Die Frau mit dem roten Herzen

Die Frau mit dem roten Herzen von Qiu Xiaolong

Die Frau mit dem roten Herzen von Qiu Xiaolong

In letzter Zeit lese ich fast nur noch Bücher aus und über Asien. Komischer Zufall irgendwie. So ist auch „Die Frau mit dem roten Herzen“ wieder ein Buch, das im asiatischen Raum spielt, genauer gesagt, im China der Neuzeit. Es ist Qiu Xiaolongs zweiter Krimi um Oberinspektor Chen, man kann das Buch aber auch gut lesen ohne den ersten Teil zu kennen. Ich zumindest hatte keine Schwierigkeiten, mich zurechtzufinden. Worum aber geht es?

Ein Unbekannter liegt brutal erstochen im Bund-Park, und eine schwangere Frau ist spurlos verschwunden: Oberinspektor Chen von der Shanghaier Sonderkommission hat alle Hände voll zu tun, da paßt es ihm gar nicht, daß er einer Kollegin aus den USA China von seiner besten Seite zeigen soll.
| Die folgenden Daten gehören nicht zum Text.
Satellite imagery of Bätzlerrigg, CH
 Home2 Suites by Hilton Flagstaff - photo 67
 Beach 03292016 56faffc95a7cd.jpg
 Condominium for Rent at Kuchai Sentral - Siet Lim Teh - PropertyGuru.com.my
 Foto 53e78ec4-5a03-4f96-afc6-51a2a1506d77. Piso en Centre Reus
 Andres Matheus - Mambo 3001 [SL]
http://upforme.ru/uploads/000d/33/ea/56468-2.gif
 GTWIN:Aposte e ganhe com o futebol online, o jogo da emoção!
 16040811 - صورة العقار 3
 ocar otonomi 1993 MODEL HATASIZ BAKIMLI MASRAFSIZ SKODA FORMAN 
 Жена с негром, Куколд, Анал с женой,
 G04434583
Unter den scharfen Augen von Parteisekretär Li fahndet er zusammen mit der attraktiven Amerikanerin nach der Vermißten, doch die Triaden sind ihnen dicht auf den Fersen …

Qiu Xiaolong zeichnet in seinem Buch ein außerordentlich lebendiges Bild des modernen China. Dabei beschönt er nichts. Der Autor, der mittlerweile in den USA lebt, zeigt uns China mit all seinen negativen Seiten, und trotzdem spürt man immer die tiefe Liebe, die ihn mit seiner Heimat verbindet. Sein Blick auf China ist ehrlich aber nicht bloßstellend.

Einige Dinge sind mir, neben den sehr poetischen Schilderungen der Umgebung und des Essens, besonders positiv aufgefallen. Zum einen die schlichte Tatsache, daß hier endlich einmal asiatische Namen richtig geschrieben sind, nämlich als erstes der Nach- und dann erst der Vornamen. Zum zweiten die Art, wie Chen ermittelt. Er zieht alle seine Kontakte, läßt Beziehungen spielen, scheut vor Bestechung nicht zurück und aktiviert sogar den pensionierten Vater seines Assistenten für verdeckte Ermittlungen. Es macht einfach Spaß, zuzusehen, wie nach und nach die Informationen zusammenlaufen. Der dritte Punkt, der mir besonders positiv aufgefallen ist, ist Qiu Xiaolongs Umgang mit Klischees. Ja, die amerikanische Polizistin ist sehr schön und ja, Chen findet sich zu ihr hingezogen und sie sich zu ihm. Aber es passiert nichts, wenn man einmal davon absieht, daß er ihr Gedichte zitiert. Überhaupt werden die Beziehungen der Figuren untereinander angenehm dezent und subtil gezeichnet.

Vor allem aber muß man bei „Die Frau mit dem roten Herzen“ höllisch aufpassen, wenn man eine Chance haben möchte, der Lösung nahe zu kommen. Einige der Hinweise sind mir aufgefallen (die Sache mit dem Dialekt zum Beispiel) andere habe ich völlig übersehen (das Grab des Sohnes) oder absolut fehl gedeutet. Und schlußendlich gefällt mir an dem Buch, daß es nicht unbedingt gut ausgeht. Sicher, die Fälle sind gelöst, aber damit hören die Probleme nicht auf. Es ist angenehm, das in solcher Deutlichkeit in einem Krimi dargestellt zu finden.

Ich freue mich auf alle Fälle schon auf den ersten Krimi von Qiu Xiaolong, für den ich mich (wie bei diesem auch) bei BookCrossing in einen BookRing eingetragen habe. Und ich habe es natürlich nicht versäumt, die beiden Bücher gleich auf meinen Amazon-Wunschzettel für Weihnachten zu packen. Dabei habe ich mit Freuden festgestellt, daß ein dritter Band der Reihe schon in Planung ist!